We've Met the Enemy, and He Is Us.. or Is He?
I've always been a big believer that to reduce automotive fuel consumption and toxic and greenhouse gas emissions, we need to take a three-pronged approach. We need to ask or compel vehicle manufacturers to make more efficient and cleaner vehicles. We need to ask or compel fuel suppliers to provide the fuels that will enable supply of such vehicles (e.g. ethanol, electricity, hydrogen...). And we need to ask or compel drivers to consume less vehicle miles.
Throughout the raging debate on this issue I'd estimate that 95% of the rhetoric focuses on the first two prongs: evil Detroit and evil Big Oil. The American driver gets off the hook pretty easily (unless he or she is foolish enough to park a Hummer on the Berkeley campus!). But let's face it, the cleanest vehicle is the one that is never bought, and the next cleanest is one that is never driven. It takes a consumer to buy and drive cars.

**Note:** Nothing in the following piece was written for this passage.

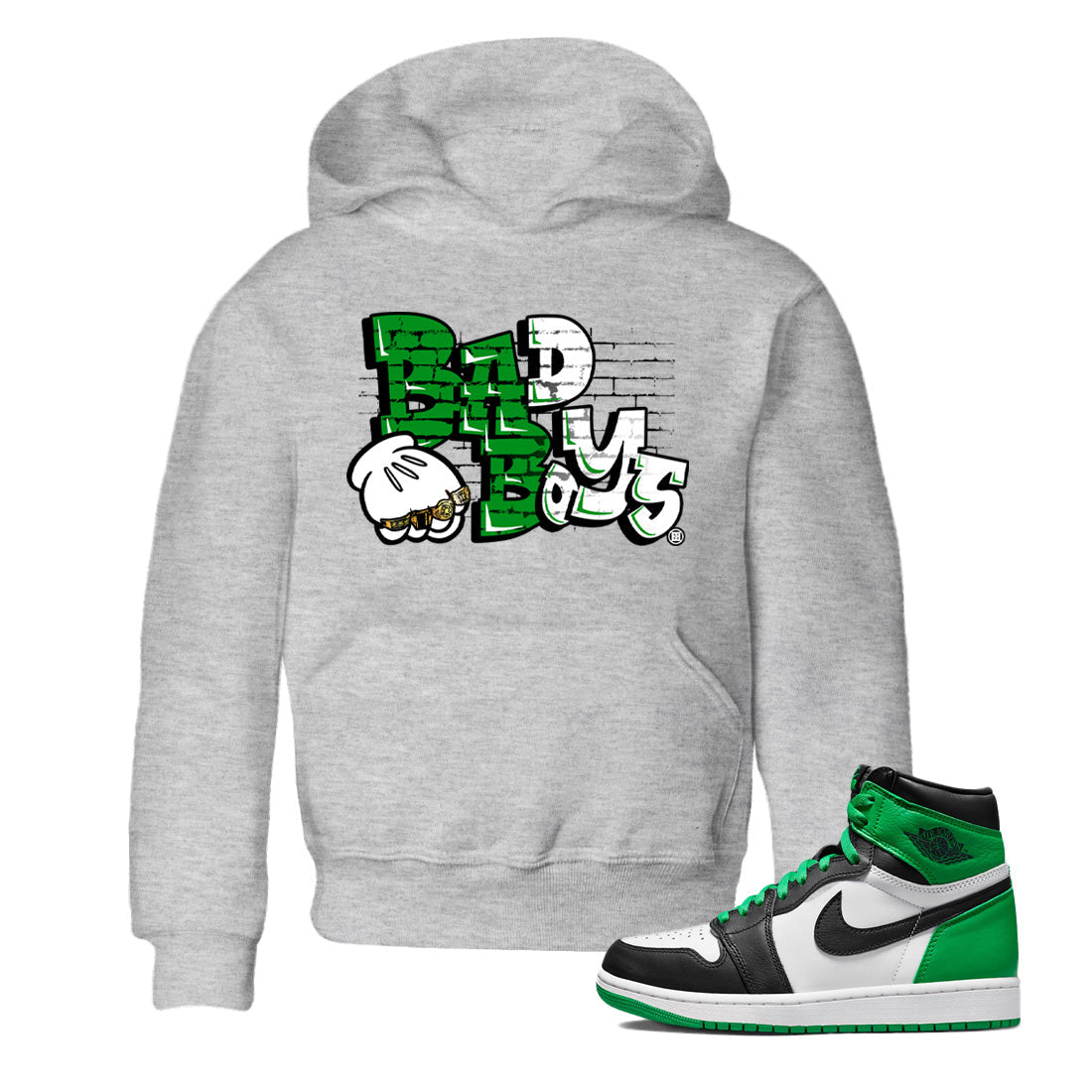 Air Jordan 1 Celtics Sneaker Match Tees Bad Boys Streetwear Sneaker Shirt Air Jordan 1 Retro Celtics Sneaker Release Tees Kids Shirts Heather Grey 1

But it is becoming clearer that consumers are grudgingly starting to realize their role in all this. Rather like overweight people who in public blame McDonald's for tempting them, while in private admitting that no one forced them to eat the Big Mac (yours truly can be said to fall into this category), drivers are starting to acknowledge that while Detroit feeds their oil addiction, they are ones who keep visiting the pumps. A recent article in the New Yorker, by economics analyst James Surowiecki, illuminates this development. In essence, it boils down to the point that while the individual driver wants the individual freedom to buy and drive whatever she or he wants, drivers are not happy with the collective result of these individual choices. That is, we might want the freedom to buy the Hummer, but we wish the government would limit their supply somehow, because collectively there are just too many on the road.

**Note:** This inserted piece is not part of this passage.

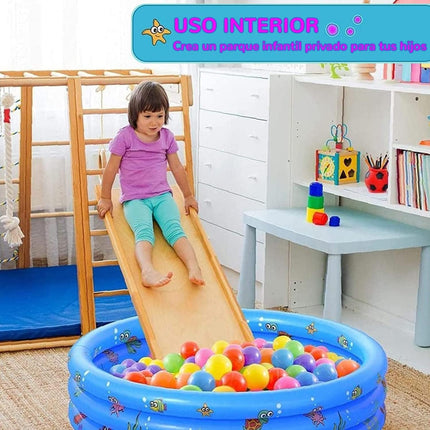 Alberca Inflable Circular 140 cm Multicolor 3 Aros – Piscina Infantil Portátil para Niños, Ideal para Jardín, Patio y Verano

Surowiecki makes the analogy to the helmet rule in the NHL: prior to the rule, most players refused to wear helmets, since the devices disadvantaged them (e.g. poorer peripheral vision) -- but in secret ballots the majority of players wanted the League to require helmets, since the safety advantages were obvious.

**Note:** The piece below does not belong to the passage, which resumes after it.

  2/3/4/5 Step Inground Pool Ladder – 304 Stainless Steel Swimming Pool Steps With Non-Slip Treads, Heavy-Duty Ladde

In the same way, American consumers seem to be coming around to the realization that their individual vehicle choices are collectively irrational. Thus, in polls, the citizenry as a group votes pretty solidly for higher MPG standards... despite individually continuing to seek bigger and heavier vehicles. Politicians should take heart from this: higher MPG standards might not be as toxic an issue as they might think. As Surowiecki concludes: "Sometimes, [ voters ] know, we need to save ourselves from ourselves."